Sadly there are over 75 sex-workers missing or murdered in the UK over the last decade. The crimes in Suffolk are not new, (in fact there were sex-workers missing and murdered there before) the only reason it has been so heavily highlighted was due to the media frenzy that escalated once 2 victims had been linked the word serial killer emerged. Of course since then the story became even more newsworthy because the killer disposed of a bunch of bodies so quickly - an unprecedented act.
Sadly this country is becoming like the US. Serial killers are immortalised. In this sick world it appears the more victims and the more gore the better. Books are written, films made and women throwing themselves at the imprisoned and the general level of fascination is such that the families of the victims are forgotten in the quest to sensationalise the drama.

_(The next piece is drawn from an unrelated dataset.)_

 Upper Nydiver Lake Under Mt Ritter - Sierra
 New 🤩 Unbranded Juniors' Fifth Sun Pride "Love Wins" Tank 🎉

The level of public sympathy has been extraordinary. Even the police call for us all to view these women as mothers and daughters as opposed to mere prostitutes. People text and email me daily to say the families of their victims are in their thoughts and prayers. I guess that's a privileged position I’m in after writing about my experiences and sharing them with people who previously didn’t understand the industry. Also suggestions that myself and others made over the last few years are now being followed such as, showing photos of the victims as everyday women and not just a mugs hot. A far cry from the days when the attorney general in the summation of the Yorkshire Ripper case said the greatest tragedy of all was that some 'innocent women' had been killed women where were some bodies daughter or some bodies mother.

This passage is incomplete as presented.